Maybe you feel like you’re better off living life with a jaded heart. Unwilling to allow people in your life, because you can’t take bruising your heart once more.
What if I told you that God wants to take those hurts and heal them? But, you have to be willing to get hurt again.
Last year I experienced a huge disappointment. For the sake of privacy, I’ll just say this; I was let down by someone I thought would stick by my side. We had poured into this persons life! It didn’t end as I had hoped it would. The reason I share this is because that was my pivot point. I was so discouraged about it. I had to really get on my knees to pray and seek the Fathers face. At one point the Holy Spirit asked me; “Was I going to do this even if it’s hard?” He asked me; “Would I still show love to people if they don’t love me back?”
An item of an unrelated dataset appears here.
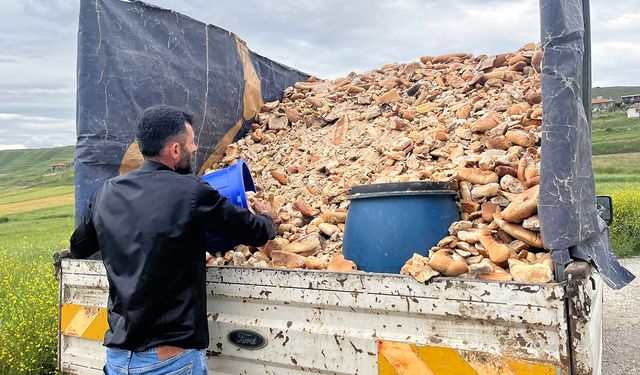 Çorumlu hurdacıdan örnek davranış: Bayat ekmekleri hayvanlara ulaştırıyor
I knew that The Lord was teaching me what is expected of us as Pastors. How can I pour into people if my heart is jaded? How can I attempt to love someone with a wall between us? How will I be willing to reach out to others who are broken if I think that everyone can hurt me? All these questions were running through my mind. Then, the Holy Spirit asked this question– “Do you really believe that I love you?” I say I believe God loves me, but am I living like I believe it. I made the decision to trust God; I’m gonna allow myself to be vulnerable before Him.
Being vulnerable isn’t an easy thing to do. It requires much faith! I have to trust that even in the midst of pain or discouragement, “God is working ALL things out for my good because I’m called for His purpose (Romans 8:28).”
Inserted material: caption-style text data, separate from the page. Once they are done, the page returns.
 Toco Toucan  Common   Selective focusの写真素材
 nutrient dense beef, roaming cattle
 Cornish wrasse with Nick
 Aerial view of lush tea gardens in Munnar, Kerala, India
Sometimes bad things are gonna happen, and I’m not gonna know why those things are happening. Does that mean God doesn’t love me? Absolutely NOT! It just means that; “The teacher is silent during the test.” [Proverbs 18:10] says; “God is my strong tower. The righteous run to it and are safe.”
Honestly, I have found myself falling more in love with God during my storms of life. He’s faithful to bring me peace when I’m down. When things are going well in life it’s easy for us to get comfortable, forget to read our bible, forget to pray, or even just say thank you to Him!
I urge you friends don’t run away from God, or put up a wall because things didn’t go the way you had hoped it would. You will miss out on true peace and true love!
There is no stopping a determined person!
I believe God is who He says He is. He is our loving creator and friend! Since I’m His; I carry His power and His strength. I’m gonna choose to be unstoppable! I’m gonna keep getting back up and fight this good fight. Will you fight with me?! I pray you will!